Start of Block

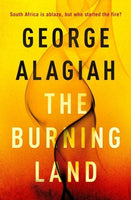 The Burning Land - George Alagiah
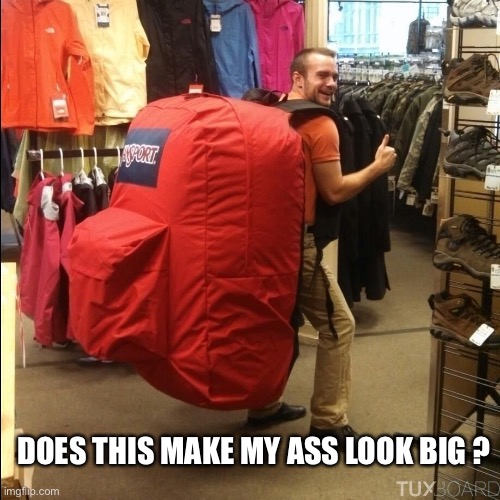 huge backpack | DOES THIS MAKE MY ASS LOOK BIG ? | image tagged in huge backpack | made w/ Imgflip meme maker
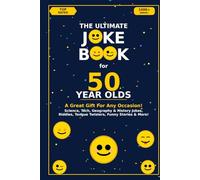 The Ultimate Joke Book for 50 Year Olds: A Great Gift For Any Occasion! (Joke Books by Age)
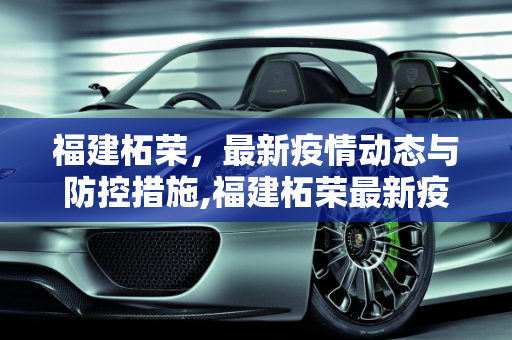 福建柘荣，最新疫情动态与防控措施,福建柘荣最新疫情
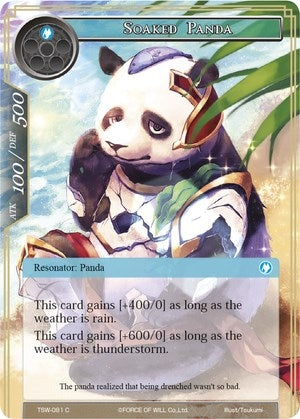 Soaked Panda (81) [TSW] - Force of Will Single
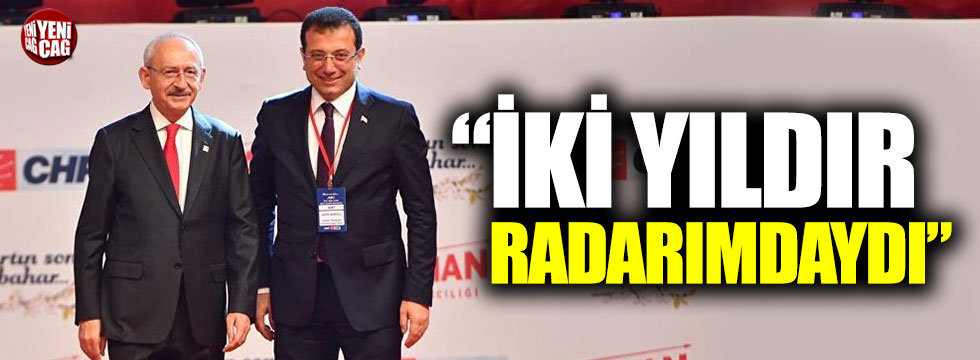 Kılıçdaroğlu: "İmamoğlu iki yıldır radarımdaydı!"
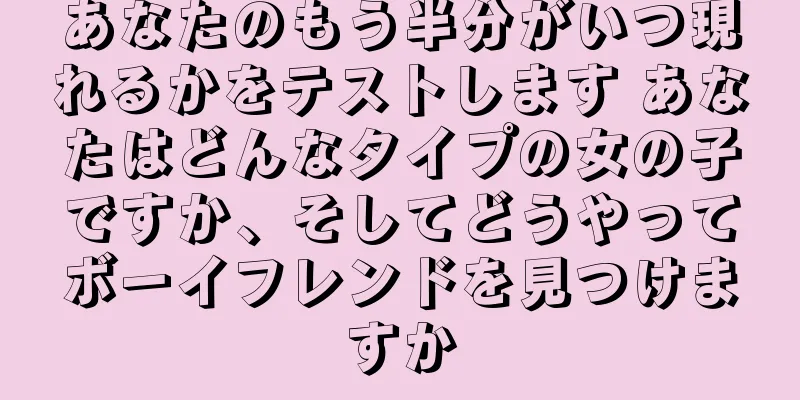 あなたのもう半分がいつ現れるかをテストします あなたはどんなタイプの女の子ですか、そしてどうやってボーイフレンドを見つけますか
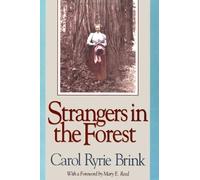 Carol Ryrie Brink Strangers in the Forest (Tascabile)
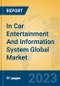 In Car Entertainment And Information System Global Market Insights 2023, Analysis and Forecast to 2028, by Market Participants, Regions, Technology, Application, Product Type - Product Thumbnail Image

End of Block

**Task to carry out**:
Please give all of the data again, exact and free of pictures.

**Result of this task**:
 The Burning Land - George Alagiah
 huge backpack | DOES THIS MAKE MY ASS LOOK BIG ? | image tagged in huge backpack | made w/ Imgflip meme maker
 The Ultimate Joke Book for 50 Year Olds: A Great Gift For Any Occasion! (Joke Books by Age)
 福建柘荣，最新疫情动态与防控措施,福建柘荣最新疫情
 Soaked Panda (81) [TSW] - Force of Will Single
 Kılıçdaroğlu: "İmamoğlu iki yıldır radarımdaydı!"
 あなたのもう半分がいつ現れるかをテストします あなたはどんなタイプの女の子ですか、そしてどうやってボーイフレンドを見つけますか
 Carol Ryrie Brink Strangers in the Forest (Tascabile)
 In Car Entertainment And Information System Global Market Insights 2023, Analysis and Forecast to 2028, by Market Participants, Regions, Technology, Application, Product Type - Product Thumbnail Image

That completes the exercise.